Does LiteFS needs to do "pattern matching" to know what SQLite writes (a txn or not e.g.)? With Litestream, it seems simply use SQLite API. Just curious how do you think through this.
Transactions start with the creation of the journal file and end when it's unlinked so there's some "pattern matching" but it's not terribly complicated. Once the file is unlinked, LiteFS can read and verify the journal and pull the change set of pages from the database file.

Litestream interacts with the SQLite API for locking but it uses a regular file descriptor to read the WAL. It has to do similar parsing of pages but it's a bit more complicated since it needs to re-verify its position every time it reads from the WAL.

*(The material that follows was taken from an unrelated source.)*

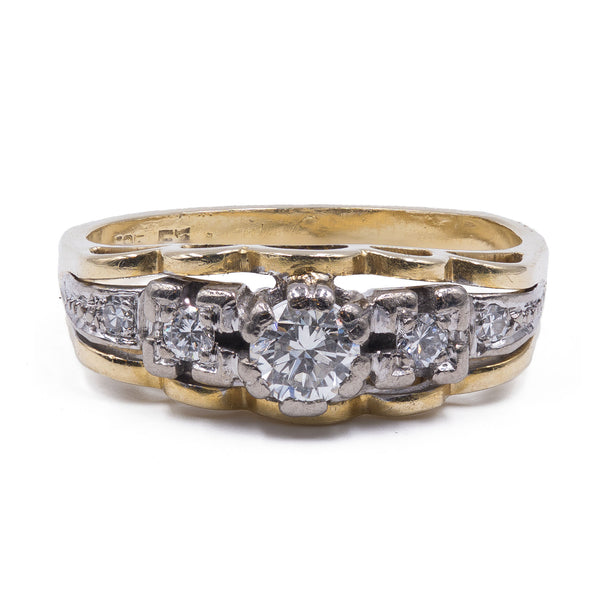 Anello vintage in oro bicolore 14k con diamanti taglio brillante (0.40ct), anni 60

I am under the impression that if you are in the WAL mode, there is no rollback journal created?
Yes, there is no rollback journal in WAL mode, but the WAL is its own file.
A while ago, when I discovered litestream, I played around with it and just setup cloning to a local file://; is this the same idea?
Sorta. LiteFS sets up a FUSE mount so once you have that in place then you can create a database within that mount directory and it is automatically replicated.
Can you describe one or more use cases?
One main advantage of LiteFS is being able to deploy a SQLite-based application and not have downtime during deploys. This is especially true in ephemeral systems like Kubernetes where pods will rollover.

Another use case is moving data close to users. If you're only targeting users in a single country then it's not as big of a deal but RTT from the US to Europe is ~100ms and US to Asia is ~250ms. That's a big latency hit depending on what you're trying to do.

It might be interesting for embedded scenarios where you need an always-available database but can't guarantee there will be a connection available consistently to a central database server.